The lines below that include the word "because" are to be reported.

Source data:
▼▼▼

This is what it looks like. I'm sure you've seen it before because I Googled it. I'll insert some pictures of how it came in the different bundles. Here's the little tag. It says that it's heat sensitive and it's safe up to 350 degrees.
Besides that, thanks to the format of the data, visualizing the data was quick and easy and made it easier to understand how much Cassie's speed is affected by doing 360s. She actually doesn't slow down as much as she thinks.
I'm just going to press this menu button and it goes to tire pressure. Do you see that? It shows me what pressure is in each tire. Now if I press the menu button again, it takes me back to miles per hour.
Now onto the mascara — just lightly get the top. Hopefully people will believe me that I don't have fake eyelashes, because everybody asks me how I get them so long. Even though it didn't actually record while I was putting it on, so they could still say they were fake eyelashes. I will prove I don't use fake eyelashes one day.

▲▲▲
▼▼▼

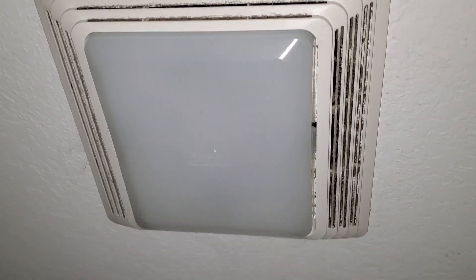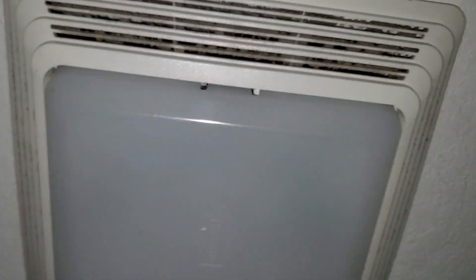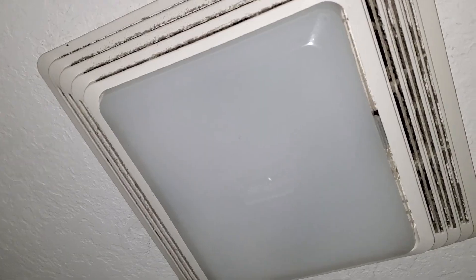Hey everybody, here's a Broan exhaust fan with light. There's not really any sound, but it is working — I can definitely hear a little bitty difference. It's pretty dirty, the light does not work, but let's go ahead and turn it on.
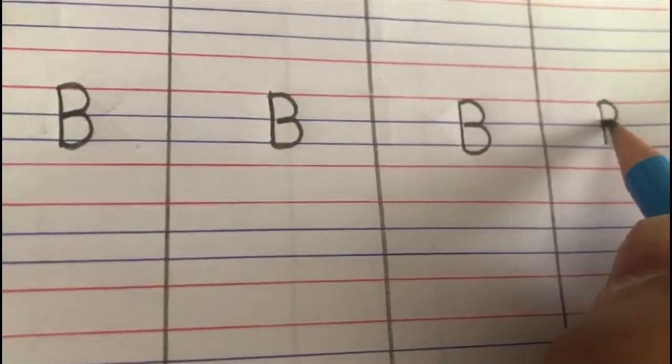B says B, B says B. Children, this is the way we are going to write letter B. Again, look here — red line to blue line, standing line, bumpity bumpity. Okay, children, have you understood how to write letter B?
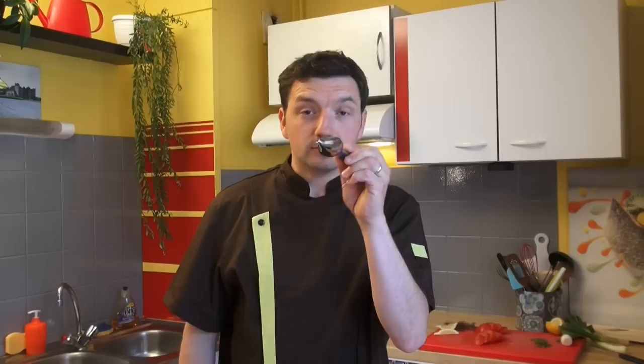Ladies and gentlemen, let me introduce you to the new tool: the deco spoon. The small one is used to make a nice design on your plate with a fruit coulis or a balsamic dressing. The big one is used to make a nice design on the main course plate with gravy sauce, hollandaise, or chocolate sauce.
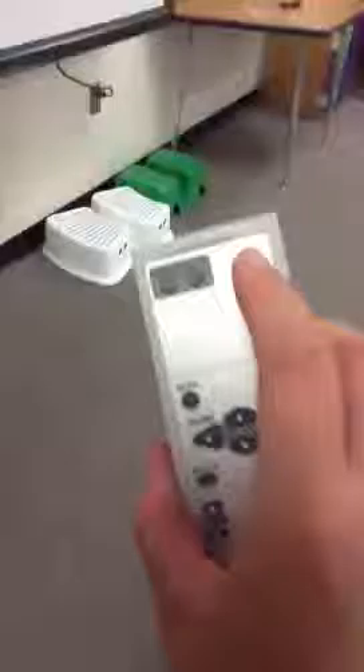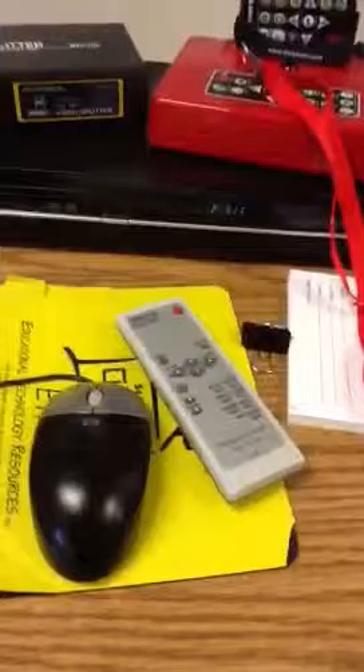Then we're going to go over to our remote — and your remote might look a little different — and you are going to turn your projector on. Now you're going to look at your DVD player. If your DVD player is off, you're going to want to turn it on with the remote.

▲▲▲
▼▼▼

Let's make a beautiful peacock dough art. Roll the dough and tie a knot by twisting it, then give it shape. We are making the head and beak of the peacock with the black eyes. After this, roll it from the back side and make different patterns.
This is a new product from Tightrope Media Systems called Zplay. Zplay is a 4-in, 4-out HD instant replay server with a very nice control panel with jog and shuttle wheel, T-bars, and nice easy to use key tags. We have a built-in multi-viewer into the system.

▲▲▲

Answer:
This is what it looks like. I'm sure you've seen it before because I Googled it. I'll insert some pictures of how it came in the different bundles. Here's the little tag. It says that it's heat sensitive and it's safe up to 350 degrees.
Now onto the mascara — just lightly get the top. Hopefully people will believe me that I don't have fake eyelashes, because everybody asks me how I get them so long. Even though it didn't actually record while I was putting it on, so they could still say they were fake eyelashes. I will prove I don't use fake eyelashes one day.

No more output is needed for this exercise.